No dust cover though.

------
rajandatta
Brilliant series. I remember watching it when it was released. Recommended.

------
selimthegrim
His Scientific American column was pretty good too.

He did a good TV special on climate change around 1989-90 that’s on YouTube
somewhere

------
Balgair
Here's Burke's version of wikipedia, for those interested:
[https://webbrain.com/brainpage/brain/C6015FA0-82BF-F1FA-9D05...](https://webbrain.com/brainpage/brain/C6015FA0-82BF-F1FA-9D05-0EA9FD7F845E#-2751)

To me, Tom Scott is the person best taking up Burke's torch.

------
h2odragon
At least as of a couple years ago this was available on netflix too. We used
it in homeschooling, wonderful series.

------
alcomatt
Other shows from that era worth a watch:

The Ascent of Man

Civilisation

There's also Connections series 2, although it is not as good.

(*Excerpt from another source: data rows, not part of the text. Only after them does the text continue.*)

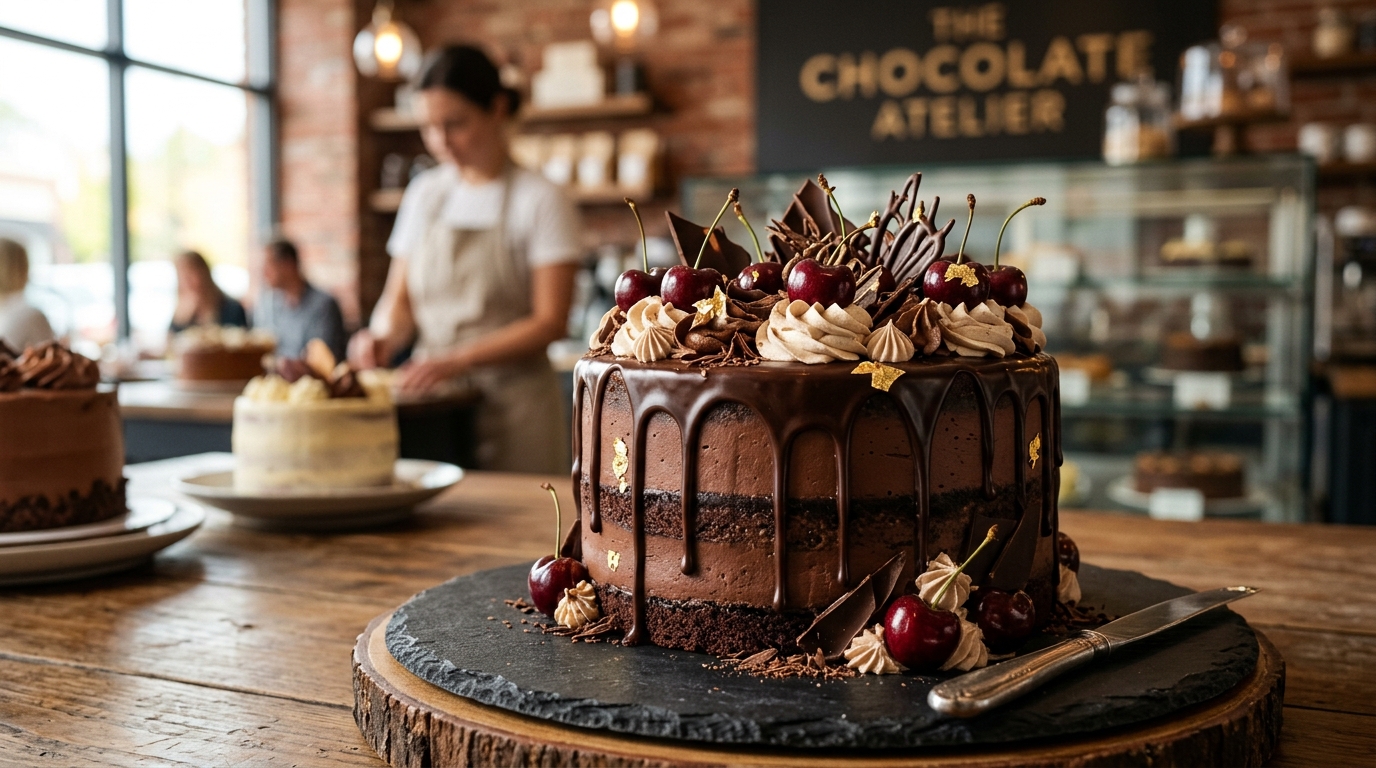 FB Cakes Layered Celebration Cake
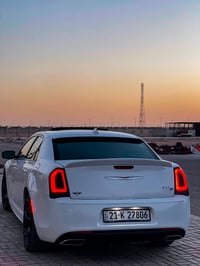 كرايسلر 300S • ٣٦٠٠ V6 • حادث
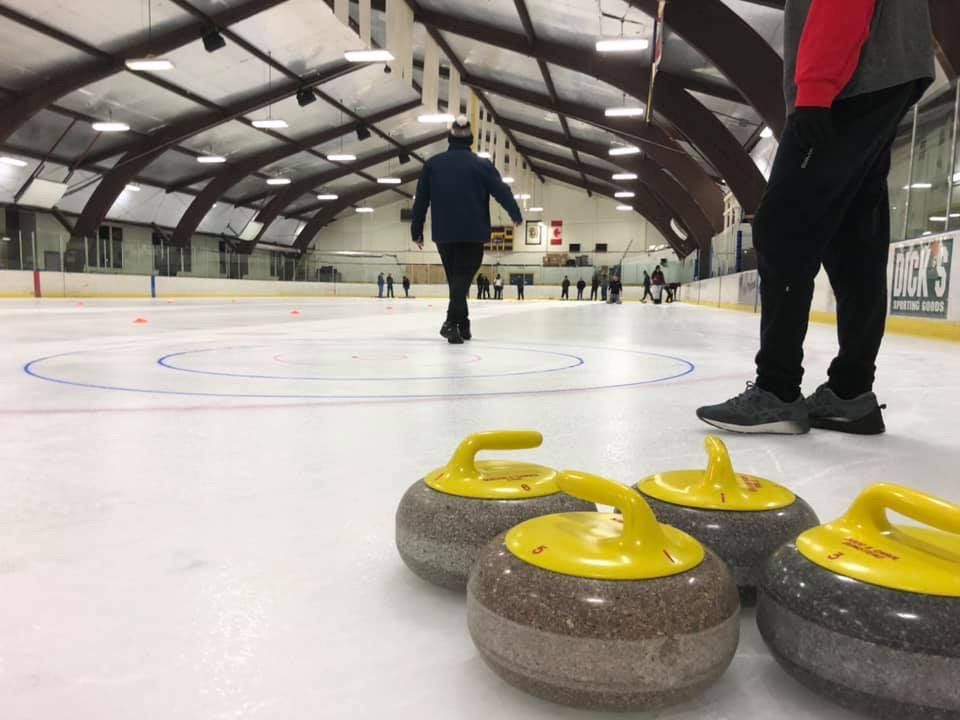 Learn to Curl\/Open Scrimmage 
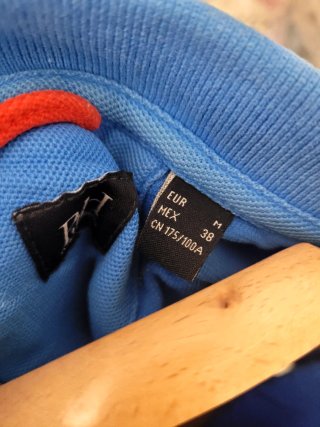 Polo azul Pedro del Hierro, Talla M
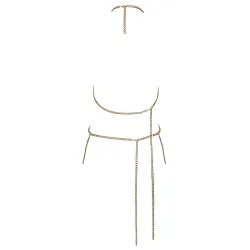 Catena corpo glamour dorata Cottelli Catena corpo glamour dorata Cottelli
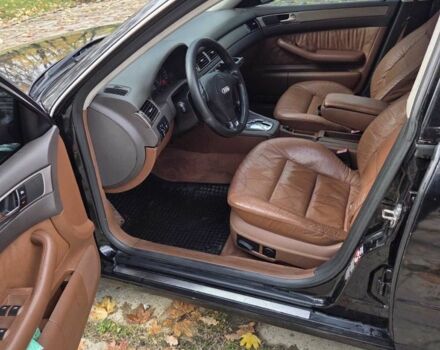 Чорний Ауді А6, об'ємом двигуна 2.4 л та пробігом 276 тис. км за 3950 $, фото 7 на Automoto.ua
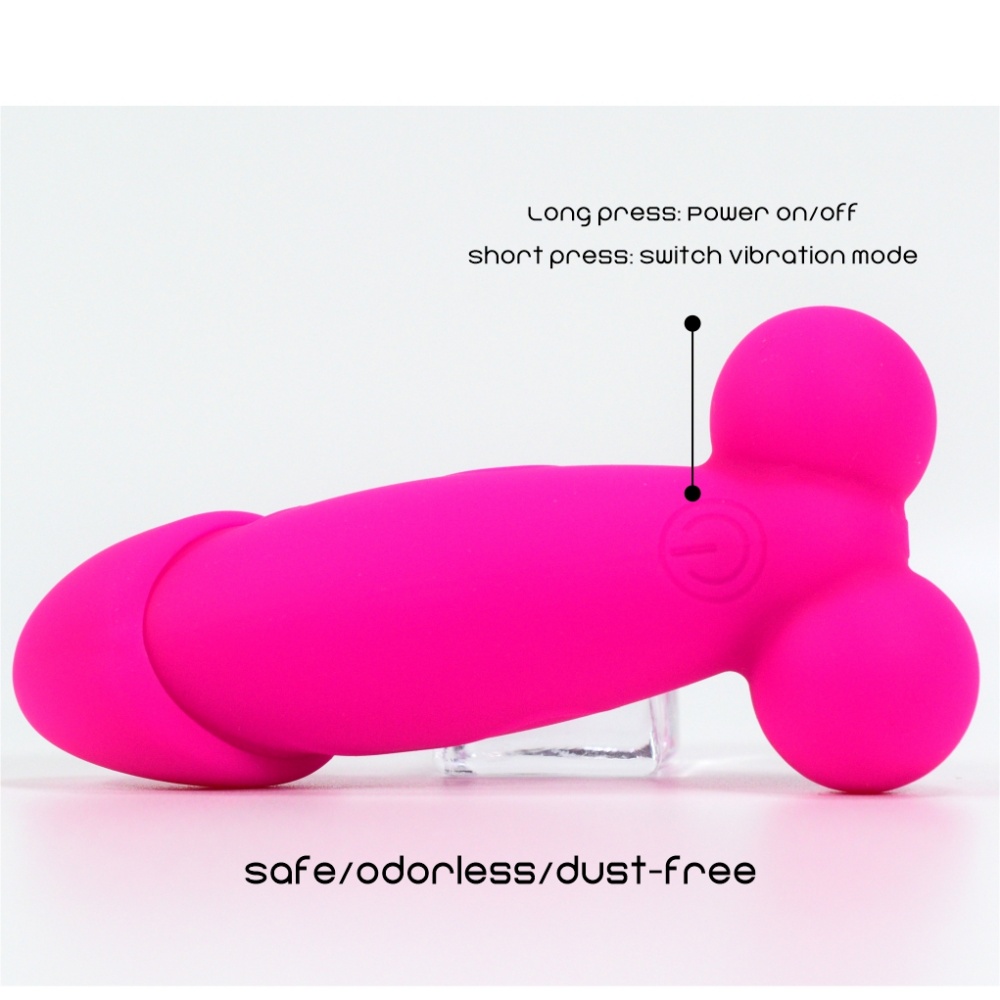 Mini dildo vibrante vaginale o anale controllabile tramite App Mini dildo vibrante vaginale o anale controllabile tramite App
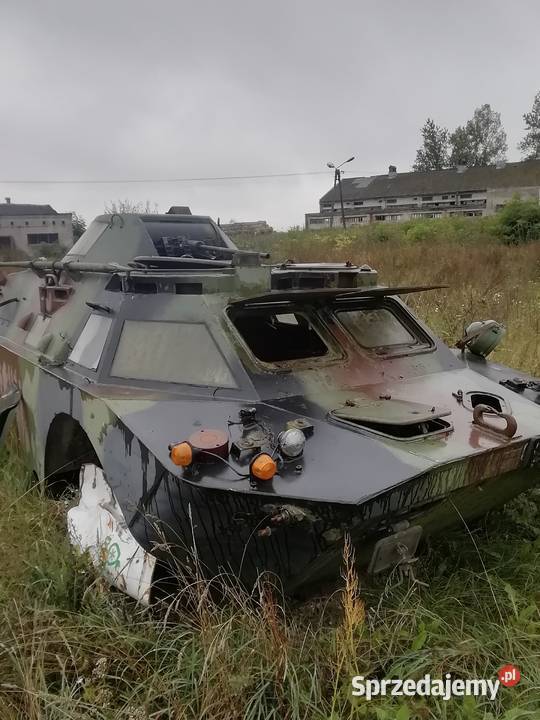 Nadwozie BRDM z kołami podporowymi Pozostałe Więcbork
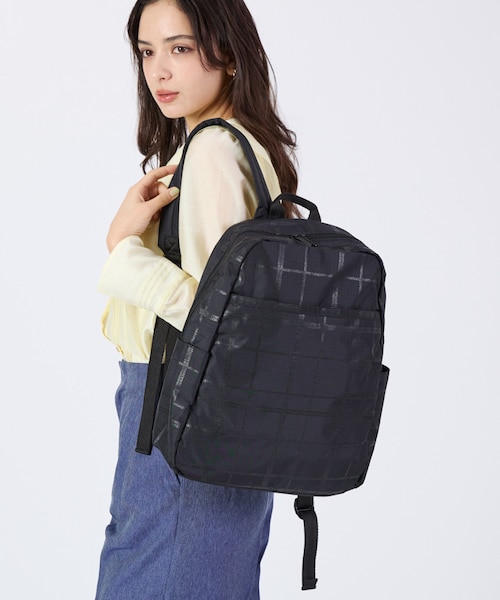 レスポートサック⭐︎MARKET TOTEシャドウチェック新品 LeSportsac トートバッグ MARKET TOTE シャドウチェック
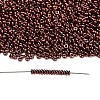 TOHO 8/0 Demi Round Beads X-SEED-DR08-0222-1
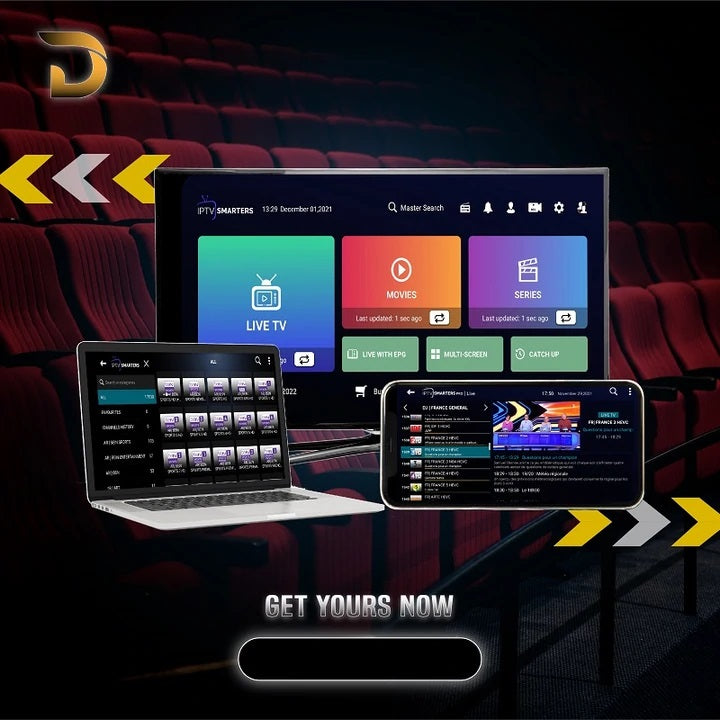 SMARTES PRO IPTV SUBSCRIPTION 12 MONTHS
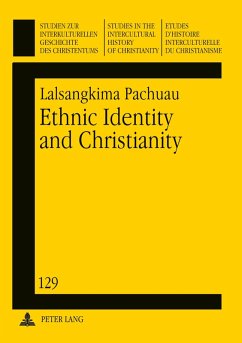 Cover Ethnic Identity and Christianity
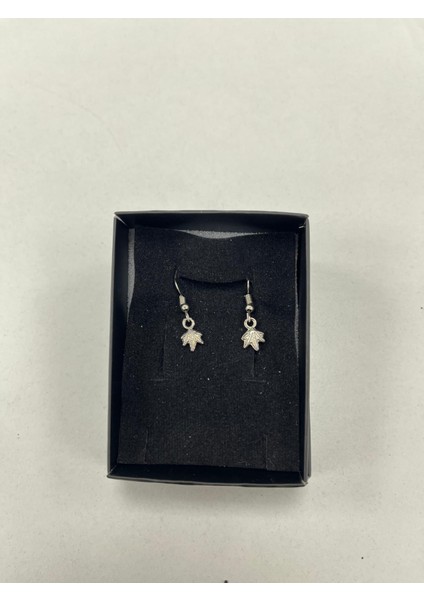 Minimal Yaprak Küpe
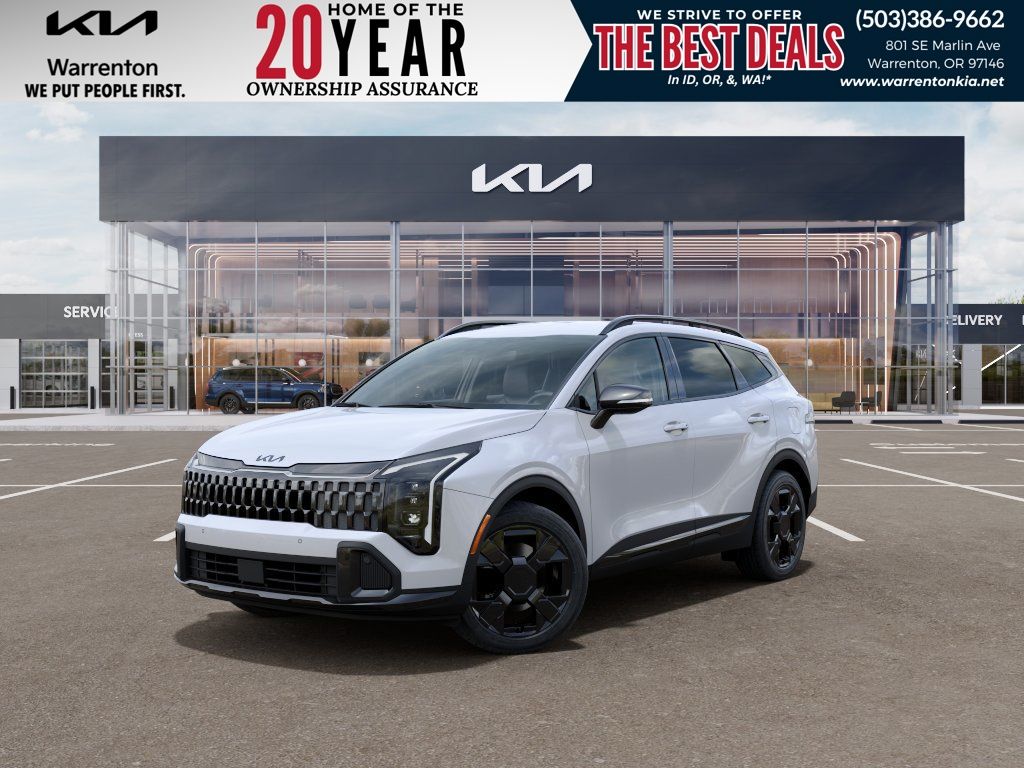 2026 Kia Sportage X-Line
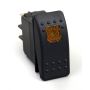 Rocker Switch Amber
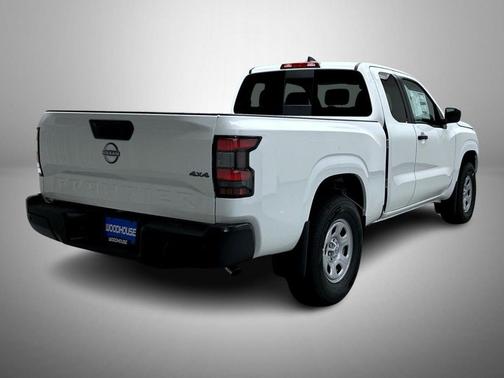 Glacier White 2026 Nissan Frontier S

Plus any of BBC Adam Curtis documentaries...

------
ffhhj
One of my favourite shows. Found their copy of the best documentary ever
created "Dangerous Knowledge", but it's incomplete:

[https://archive.org/details/DangerousKnowledge_201903](https://archive.org/details/DangerousKnowledge_201903)

------
hindsightbias
Burke’s After The Warming, 1989

[https://www.youtube.com/watch?v=RfE8wBReIxw](https://www.youtube.com/watch?v=RfE8wBReIxw)

------
drudru11
Connections was such a great show. Thx for this. Wish I could find the old
black and white Dr Who episodes on YouTube as well.

------
airwebster
We had a teacher in the 8th grade that basically forced us to watch the whole
thing. I liked it then. Love it now.

------
somefoobar
How hard would it be to restore the video quality? Could it be done with
consumer software?

------
rdiddly
Thanks, just watched two of them... gotta be careful or I will lose my whole
Saturday!

------
annoyingnoob
Fascinating and timely. I've always loved the series.

------
olliej
Yay I love this series!